Activists renew calls for controversial US$50 billion Nicaragua Canal project to be cancelled as Chinese tycoon’s cash runs dry
- A deal signed between the Nicaraguan government and HKND Group includes a clause which would allow parts of the project to be cancelled this year
- But human rights advocates worry President Daniel Ortega’s administration may still push for the project, which aims to rival the Panama Canal
After sealing a US$50 billion deal for an ambitious canal to be built in Nicaragua, President Daniel Ortega and Chinese billionaire Wang Jing posed triumphantly in front of cameras on June 14, 2013.
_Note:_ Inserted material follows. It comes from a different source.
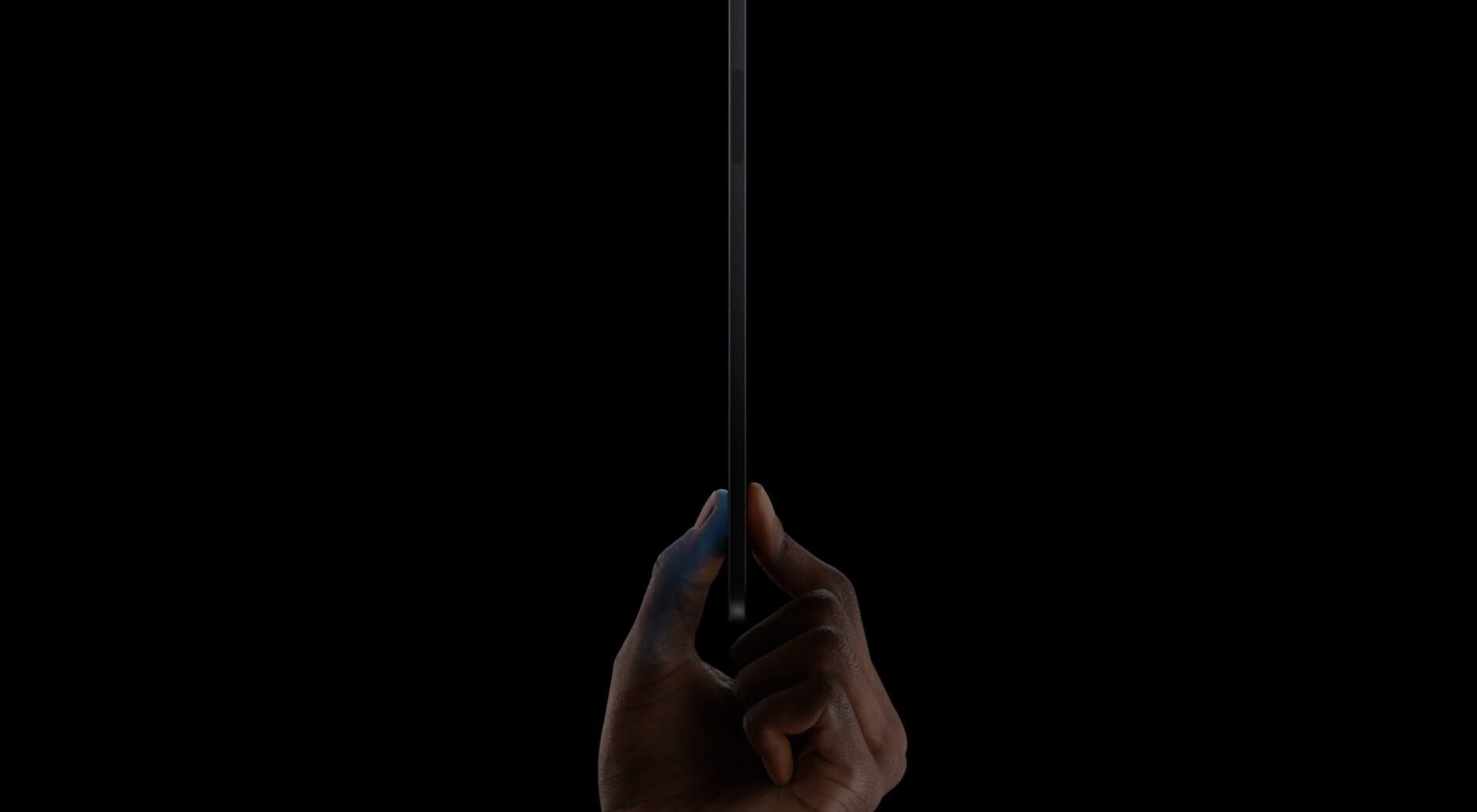 Das Bild zeigt eine Hand, die ein neues iPad Pro zwischen Daumen und Zeigefinger hält, vor einem dunklen Hintergrund.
Wang’s Hong Kong-based HKND Group had been granted a concession to build and operate the Nicaragua Canal for 50 years – with the option of a further 50-year extension.
The firm had a grand vision for the new waterway: it would be twice as deep and three times longer than the famous 82km Panama Canal, which has operated for over a century, and it would see vessels packed with goods as high as Hong Kong’s skyscrapers sailing through it.
The megaproject, which was expected to be completed by this year, would also include an airport, a pipeline, two ports and a free-trade zone.
But the plans were quickly met with scepticism by local farmers, indigenous groups, human rights advocates and environmentalists in Nicaragua, who feared the impact of such a major project, as observers and experts raised doubts about its feasibility.
Six years on and dozens of protests later, activists are renewing calls for the project to be cancelled for good, and for the law that allows its construction to be repealed.